== DATASET ENTRIES ==
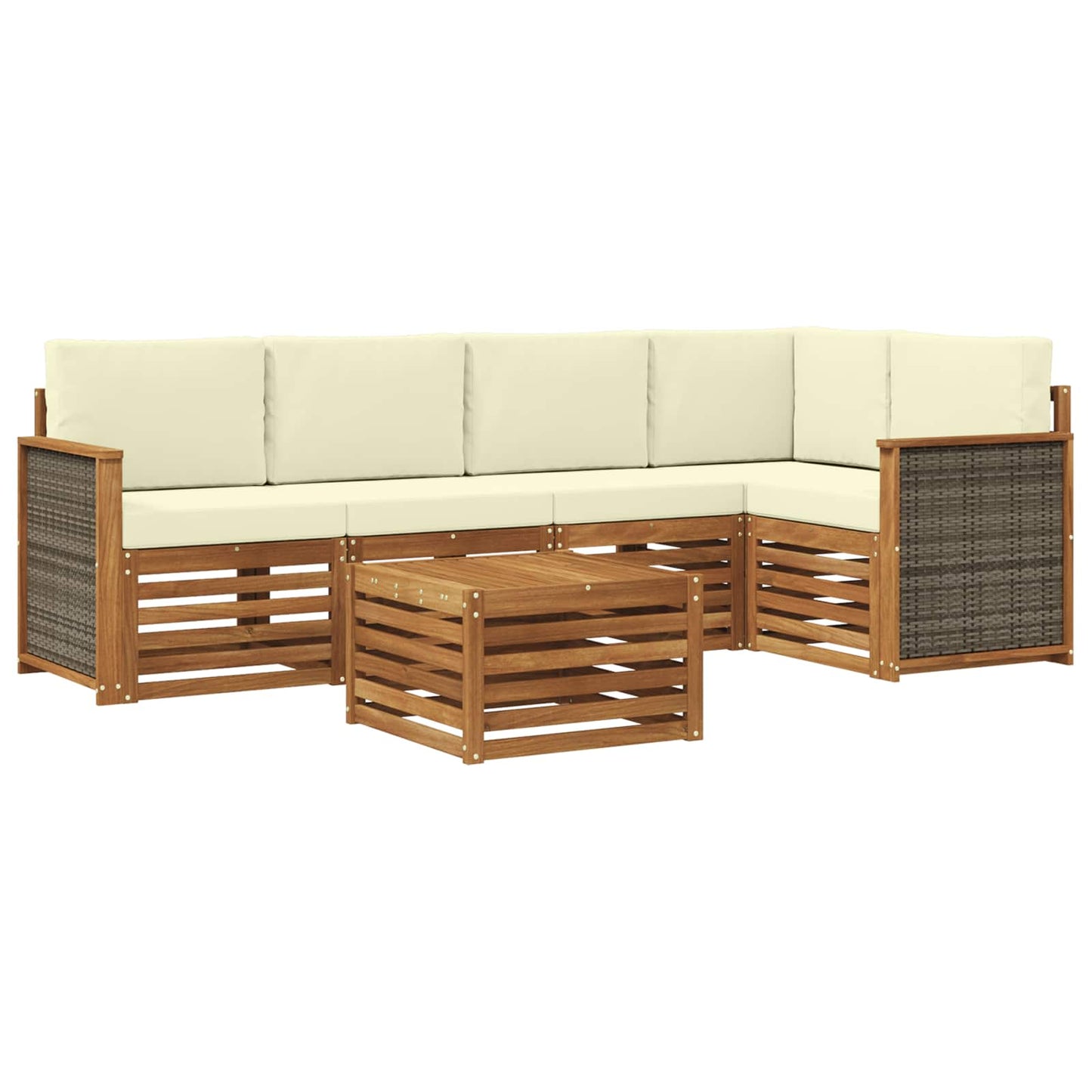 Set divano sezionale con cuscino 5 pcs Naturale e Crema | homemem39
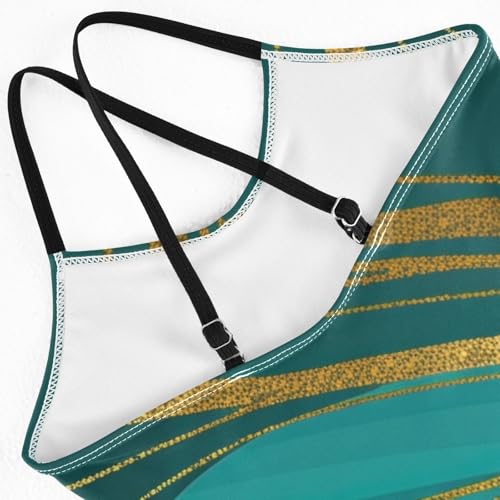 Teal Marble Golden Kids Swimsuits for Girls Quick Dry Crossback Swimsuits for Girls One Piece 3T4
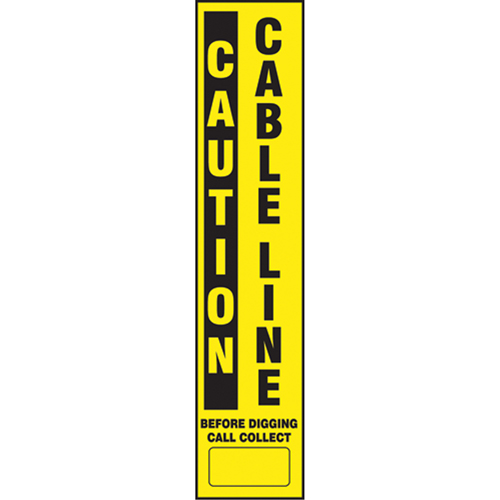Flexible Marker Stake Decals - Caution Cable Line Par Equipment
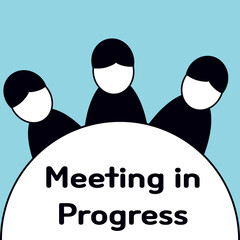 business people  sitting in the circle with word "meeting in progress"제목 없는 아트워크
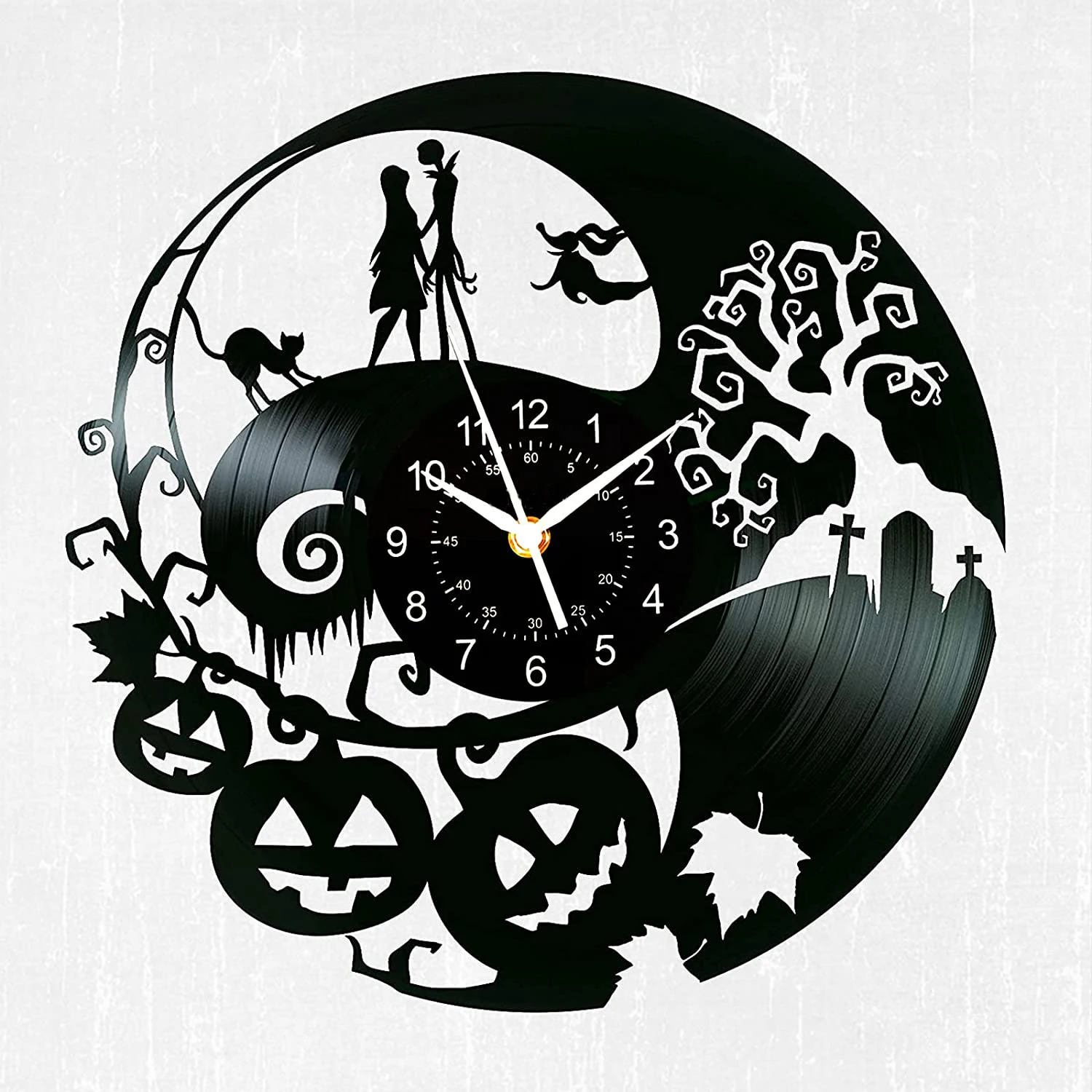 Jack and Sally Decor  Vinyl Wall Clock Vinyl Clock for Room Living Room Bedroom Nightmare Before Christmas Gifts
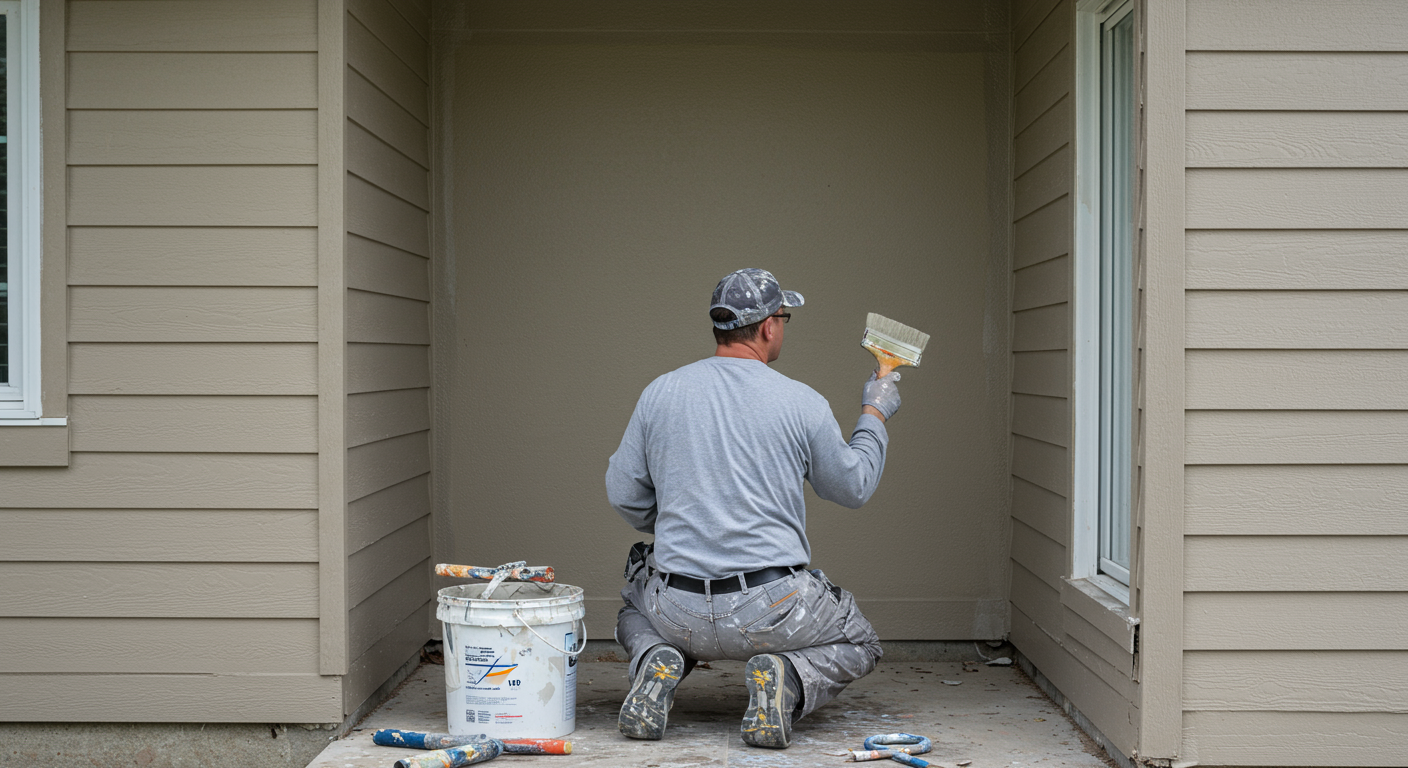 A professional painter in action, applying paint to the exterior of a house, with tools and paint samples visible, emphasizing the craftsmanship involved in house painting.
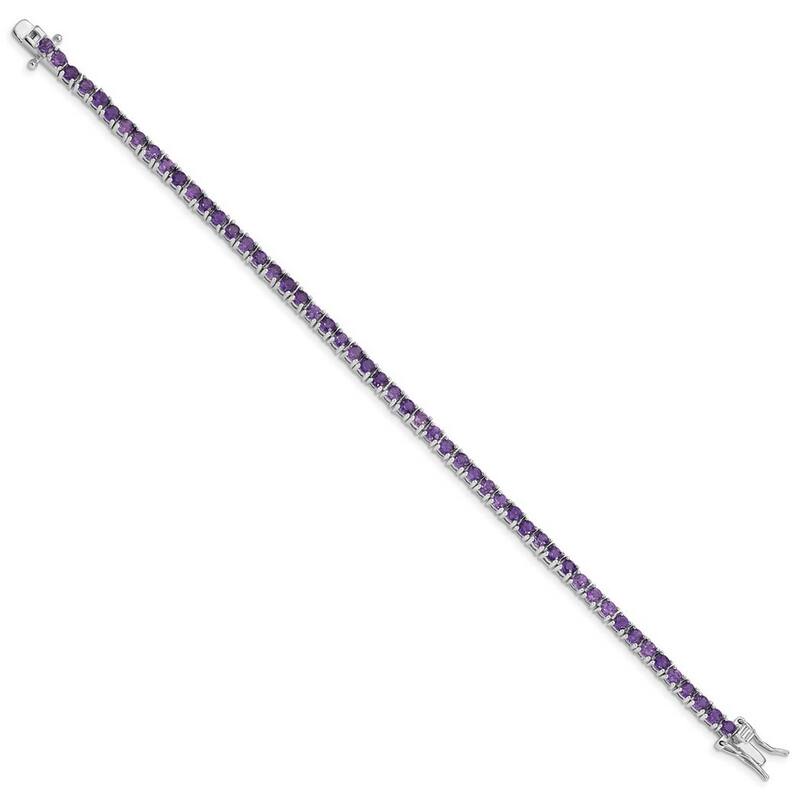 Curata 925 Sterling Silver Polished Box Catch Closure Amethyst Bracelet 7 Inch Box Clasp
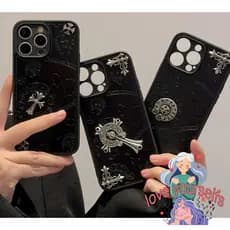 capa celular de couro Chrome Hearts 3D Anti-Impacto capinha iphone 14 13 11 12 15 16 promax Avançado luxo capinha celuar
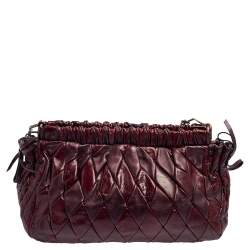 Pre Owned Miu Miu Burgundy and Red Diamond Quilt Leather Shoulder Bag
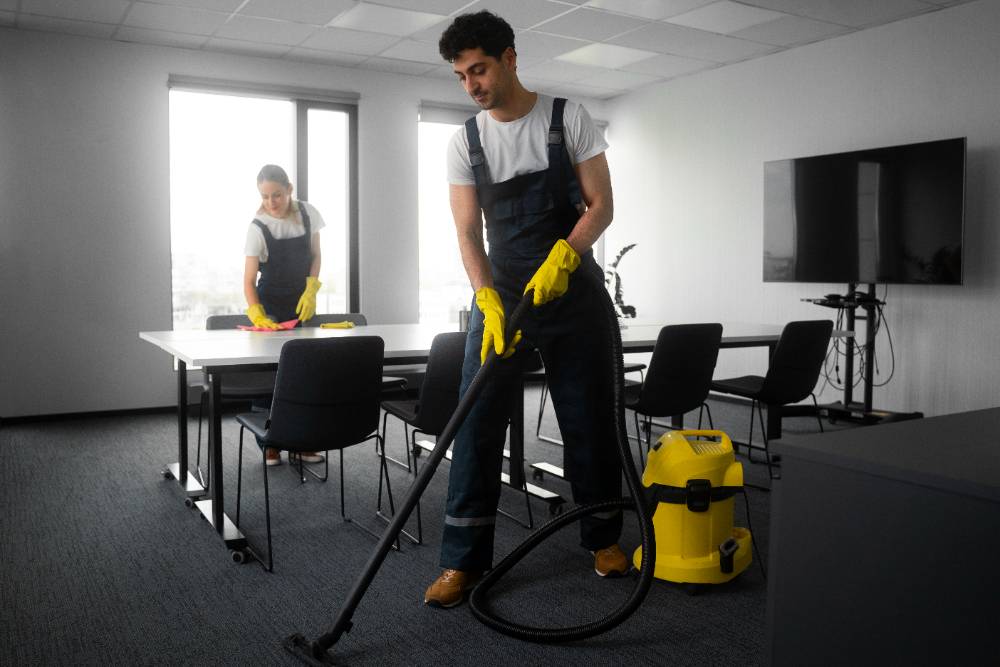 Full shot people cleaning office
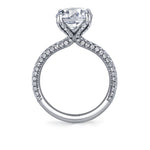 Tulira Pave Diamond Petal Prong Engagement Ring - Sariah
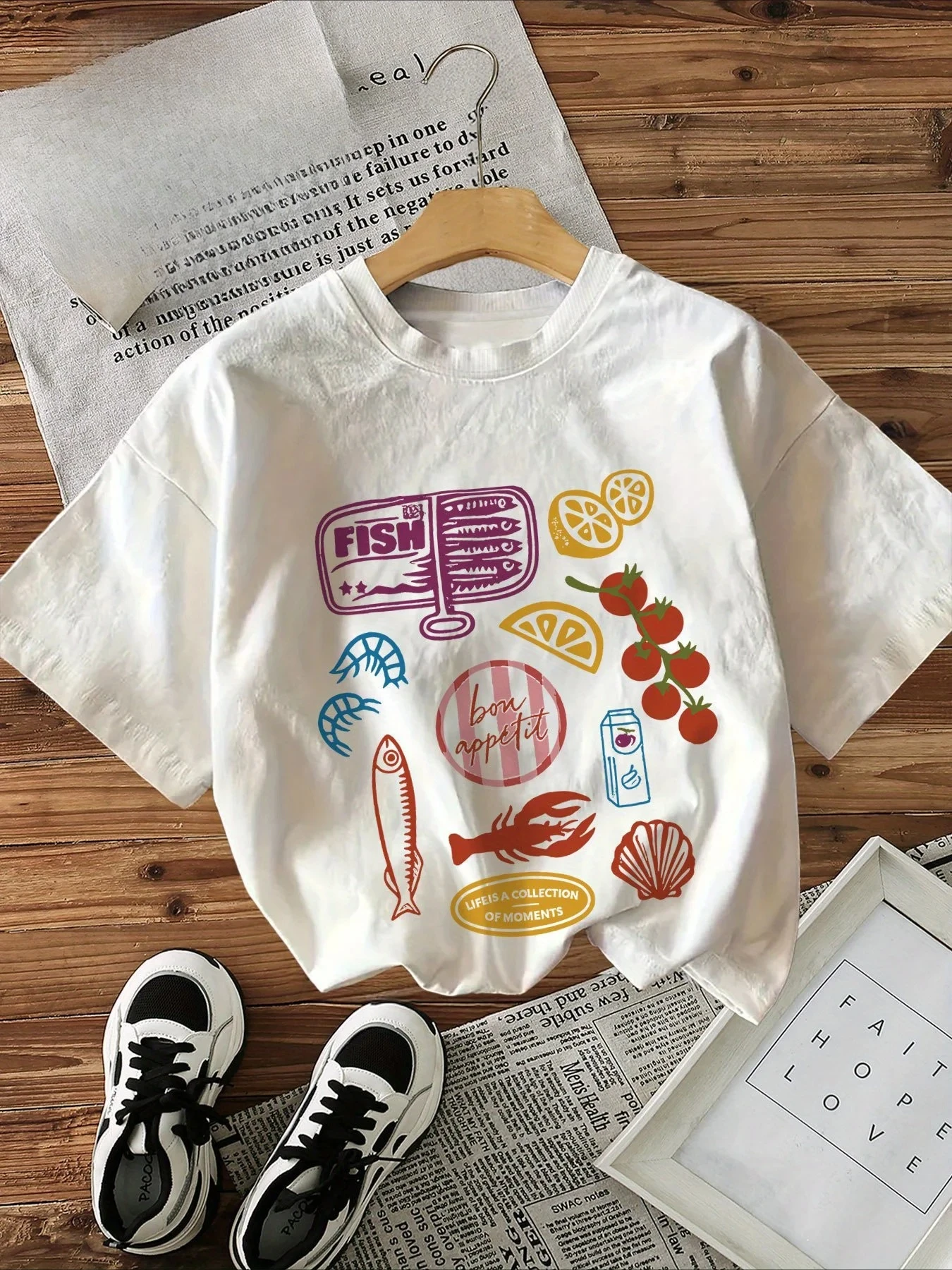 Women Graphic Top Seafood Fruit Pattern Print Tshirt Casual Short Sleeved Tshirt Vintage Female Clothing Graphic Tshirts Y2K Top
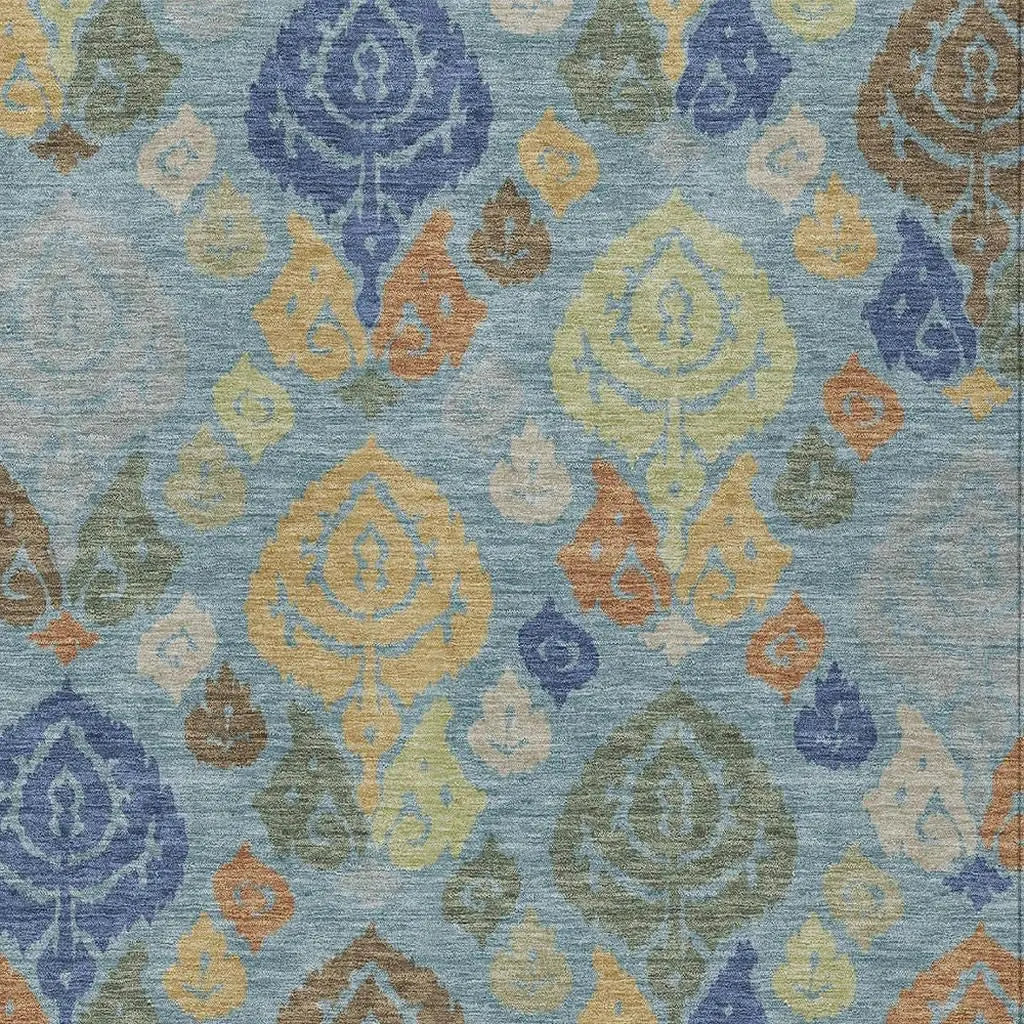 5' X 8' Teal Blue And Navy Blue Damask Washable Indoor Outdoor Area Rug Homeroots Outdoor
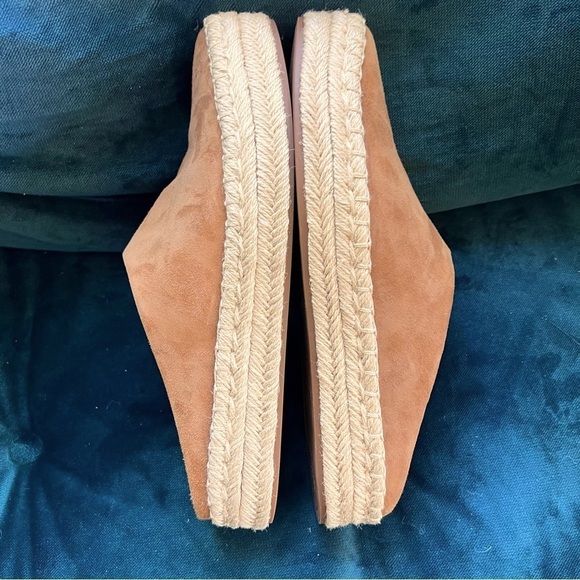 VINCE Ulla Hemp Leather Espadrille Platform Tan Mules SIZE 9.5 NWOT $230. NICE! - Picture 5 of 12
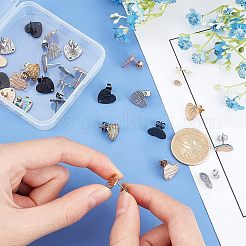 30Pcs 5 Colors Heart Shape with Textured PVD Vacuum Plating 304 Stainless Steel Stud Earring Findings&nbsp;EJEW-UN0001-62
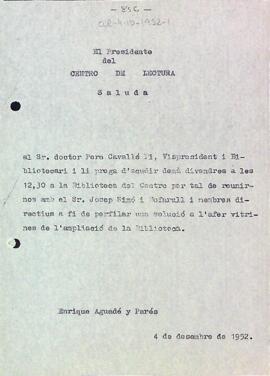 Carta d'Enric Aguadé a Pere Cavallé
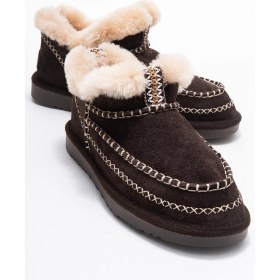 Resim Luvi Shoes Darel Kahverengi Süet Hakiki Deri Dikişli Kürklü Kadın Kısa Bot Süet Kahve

== ACTIVITY ==
Print the whole listing again exactly, please. No pictures.

== EXERCISE RESPONSE ==
 Set divano sezionale con cuscino 5 pcs Naturale e Crema | homemem39
 Teal Marble Golden Kids Swimsuits for Girls Quick Dry Crossback Swimsuits for Girls One Piece 3T4
Flexible Marker Stake Decals - Caution Cable Line Par Equipment
 business people  sitting in the circle with word "meeting in progress"제목 없는 아트워크
 Jack and Sally Decor  Vinyl Wall Clock Vinyl Clock for Room Living Room Bedroom Nightmare Before Christmas Gifts
 A professional painter in action, applying paint to the exterior of a house, with tools and paint samples visible, emphasizing the craftsmanship involved in house painting.
 Curata 925 Sterling Silver Polished Box Catch Closure Amethyst Bracelet 7 Inch Box Clasp
 capa celular de couro Chrome Hearts 3D Anti-Impacto capinha iphone 14 13 11 12 15 16 promax Avançado luxo capinha celuar
 Pre Owned Miu Miu Burgundy and Red Diamond Quilt Leather Shoulder Bag
 Full shot people cleaning office
 Tulira Pave Diamond Petal Prong Engagement Ring - Sariah
 Women Graphic Top Seafood Fruit Pattern Print Tshirt Casual Short Sleeved Tshirt Vintage Female Clothing Graphic Tshirts Y2K Top
 5' X 8' Teal Blue And Navy Blue Damask Washable Indoor Outdoor Area Rug Homeroots Outdoor
 VINCE Ulla Hemp Leather Espadrille Platform Tan Mules SIZE 9.5 NWOT $230. NICE! - Picture 5 of 12
 30Pcs 5 Colors Heart Shape with Textured PVD Vacuum Plating 304 Stainless Steel Stud Earring Findings&nbsp;EJEW-UN0001-62
 Carta d'Enric Aguadé a Pere Cavallé
 Resim Luvi Shoes Darel Kahverengi Süet Hakiki Deri Dikişli Kürklü Kadın Kısa Bot Süet Kahve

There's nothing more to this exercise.